From the foregoing, we conclude that "single employer" status, for purposes of the National Labor Relations Act, depends upon all the circumstances of the case, that not all of the "controlling criteria" specified by the Supreme Court need be present; that, in addition to the criterion of common ownership or financial control, the other criteria, whether or not they are present at the top level of management, are "controlling" indicia of the actual exercise of the power of common ownership or financial control; and that the standard for evaluating such exercise of power is whether, as a matter of substance, there is the "arm's length relationship found among unintegrated companies."10
Centralized Control of Labor Relations
In its opinion, the Board stated that a "critical factor" in determining the "single employer" issue is the degree of common control of labor relations policies. Petitioner argues that such control follows from the fact that the parent company, Kiewit, Inc., and its wholly owned subsidiary, Kiewit, decided that South Prairie would operate on a nonunion basis in Oklahoma. On the other hand, respondent NLRB's position is that this does not follow, because, "within that framework" (i. e. operating nonunion), South Prairie's labor policy determinations are set by South Prairie's president; whereas Kiewit's labor policies are determined by an official of Kiewit, Inc.

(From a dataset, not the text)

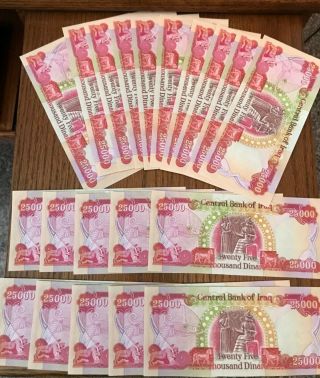 One Half Million Iraqi Dinar 20x25,  000 =500,  000 Authentic Iqd From Dinar Trade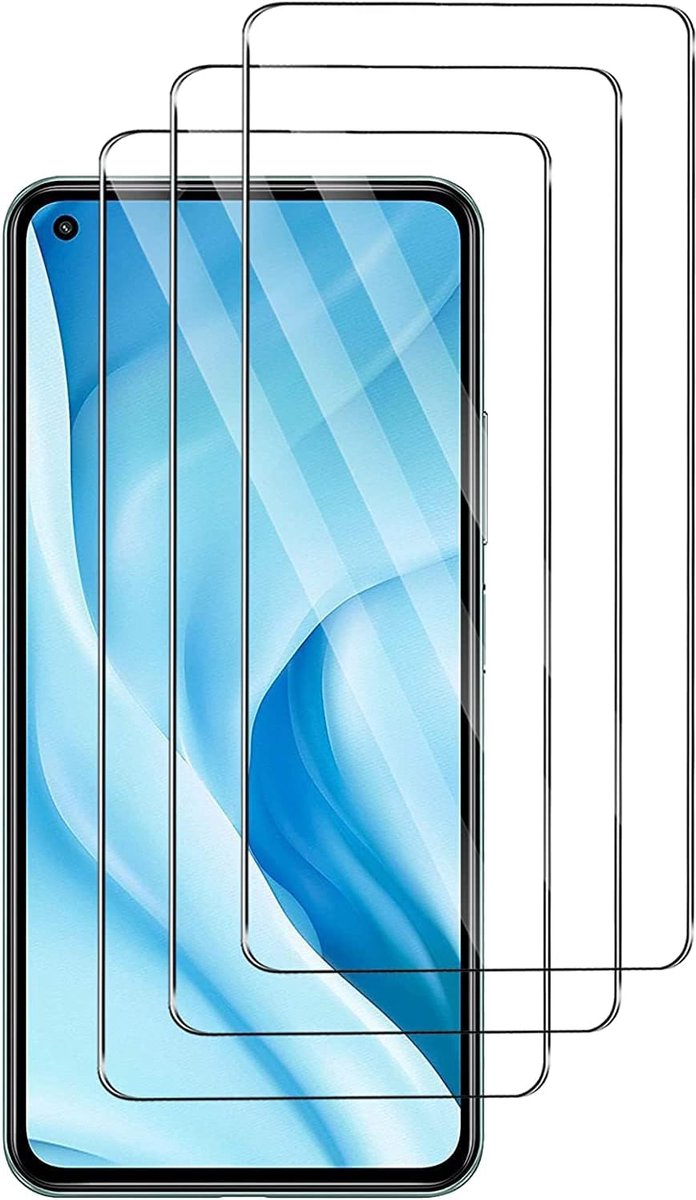 [3 stuks beschermfolie compatibel met Xiaomi 11 Lite 5G pantserglasfolie, anti-kras, 9H hardheid, ultrahelder veiligheidsglas, luchtbelvrije folie, anti-val, transparante pantserglasfolie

Although, as pointed out above, centralized control of labor relations is one of the "controlling criteria," it is not "critical" in the sense of being the sine qua non of "single employer" status. Canton, Carp's, Inc., supra. The degree to which such control is present (or absent) is, of course, one of the circumstances upon which "single employer" status depends. The Board did not say that there was no degree or no substantial degree of centralized control of labor relations, although this might be implied from its comment about labor policy determinations being set by South Prairie's president within the "framework" of a nonunion policy. In any event, exercise of control by the decision imposing such a "framework" on South Prairie's Oklahoma operations constitutes a very substantial qualitative degree of centralized control of labor relations. It is the touchstone for day-to-day decisions by South Prairie's president respecting wages, hours, health and welfare benefits, working conditions, and other vital matters that otherwise would be decided by collective bargaining.11 Moreover, we are satisfied that such exercise of control at the top level of management would not be found in the arm's length relationship existing among unintegrated companies.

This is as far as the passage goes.